Fitness and Health: How Nutrition and Fitness Plans Affect Overall Wellness

(A Holistic View on Nutrition and Fitness as they affect your all-round Wellbeing)

Fitness and health is a topical issue in this new world.  A huge attention is drawn on physical exercises and bodybuilding, but maybe much more on nutrition. Researchers have found several links between your nutrition, fitness and health.  Most publications in this realm have argued that your health is as good as what you eat, and perhaps what activities you take to shape your physical appearance. Thus, physical exercises and nutrition plans cannot be treated in different contexts under the subject of fitness and health. 

Before the digital or social media dispensation, people almost care less about how you are perceived in relation to what you eat and drink. Some section of the public may even term you as being too critical if they think you overdo the regular checks on what you eat, or if you are being notorious for taking exercises. However, with increased consciousness about what harm the food you eat and substances you take as drink may cause your biology, you will be forgiven to watch what you ingest as closely as you wish.

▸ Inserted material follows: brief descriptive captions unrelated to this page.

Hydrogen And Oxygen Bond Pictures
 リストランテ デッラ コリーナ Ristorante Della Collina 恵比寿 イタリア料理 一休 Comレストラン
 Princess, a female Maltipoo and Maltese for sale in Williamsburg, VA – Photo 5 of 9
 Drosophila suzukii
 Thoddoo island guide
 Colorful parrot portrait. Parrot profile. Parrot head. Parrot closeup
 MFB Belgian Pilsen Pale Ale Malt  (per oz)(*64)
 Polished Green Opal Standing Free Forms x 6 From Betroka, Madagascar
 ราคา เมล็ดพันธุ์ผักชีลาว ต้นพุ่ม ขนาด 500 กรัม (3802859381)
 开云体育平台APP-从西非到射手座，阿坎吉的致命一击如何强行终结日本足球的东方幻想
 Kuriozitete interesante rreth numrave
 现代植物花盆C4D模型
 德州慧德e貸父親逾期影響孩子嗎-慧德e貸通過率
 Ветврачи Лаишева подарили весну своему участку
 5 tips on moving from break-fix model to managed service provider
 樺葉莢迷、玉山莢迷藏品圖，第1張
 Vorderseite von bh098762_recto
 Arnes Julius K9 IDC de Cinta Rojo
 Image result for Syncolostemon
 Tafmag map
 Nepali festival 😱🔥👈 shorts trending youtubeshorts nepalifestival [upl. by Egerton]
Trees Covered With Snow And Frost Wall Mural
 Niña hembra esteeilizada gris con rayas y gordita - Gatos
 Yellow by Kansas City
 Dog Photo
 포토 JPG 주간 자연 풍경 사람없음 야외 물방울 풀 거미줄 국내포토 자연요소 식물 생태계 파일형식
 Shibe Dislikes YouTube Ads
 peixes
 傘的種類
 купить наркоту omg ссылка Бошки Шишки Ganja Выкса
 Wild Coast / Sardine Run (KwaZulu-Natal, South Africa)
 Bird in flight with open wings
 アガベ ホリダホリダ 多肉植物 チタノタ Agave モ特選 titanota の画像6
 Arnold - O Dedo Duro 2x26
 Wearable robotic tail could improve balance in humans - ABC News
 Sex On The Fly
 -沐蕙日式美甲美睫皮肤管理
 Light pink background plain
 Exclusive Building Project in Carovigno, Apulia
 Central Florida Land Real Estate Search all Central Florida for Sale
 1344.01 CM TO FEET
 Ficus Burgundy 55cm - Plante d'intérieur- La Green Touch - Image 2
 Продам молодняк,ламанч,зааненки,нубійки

Therefore, it will be clearer to an average person now if you are seen as someone who cares about what comes inside of you as food, and they may be less critical of your consciousness in that regard..  

In a very clear term, there is a direct link between what you eat and your overall wellbeing. More importantly, what comes inside of you alongside other factors determine what your physical and overall fitness entails. This article will discuss the place of nutrition and fitness as they both affect your health. However, we will begin from a general outlook of how nutrition largely affect your health.

Nutrition and your health

Nutrition and health is a lifelong subject of discussion among humans. One of the subjects of discussions you are exposed to as a young school grader is nutrition and how it affects your health. At least, you were taught the classes of food and the benefits of balancing your diets. It wouldn’t end at that level anyway. The older you grow, the more you understand why so much emphasis are being placed on this subject. Public and private authorities that concern themselves with advocacies relating to peoples’ wellbeing take the slightest of chances to jump on this discussion. For example, the US Center for Disease Control and Prevention considers good nutrition as an essential for keeping current and future generations healthy across their lifespan. This is because healthy diets help children to grow and develop properly, thus reducing the risk of chronic diseases. Similarly, adults that eat healthy diets live longer as they have lower risk of obesity, reduced possibility of having certain cancer types, heart diseases and other life-threatening ailments. The human biological build-up has ways it prevents these diseases, manage them and avoid complications if it was fed properly and well.

Quick Reality Check:

The difficulty of eating healthy might be a serious one to contain

It is an uneven economic landscape throughout the world. While some countries are enjoying the largesse of their natural resources and proper management techniques which trickles down to their positive welfare, others are suffering huge maladministration and lack which definitely affect their economic outlook, and healthy living. This simply means that while some people are able to access healthy food options, some are practically not able to do the same for one reason or the other. This may make people settle for foods that are higher in calories, and lower in nutritional values. Understandably so, there could be an imbalance of activities and lack of expected sync between their fitness and health. Nonetheless, everyone should find the all-important balance between these two. We will discuss how you can achieve this as we continue in this article. 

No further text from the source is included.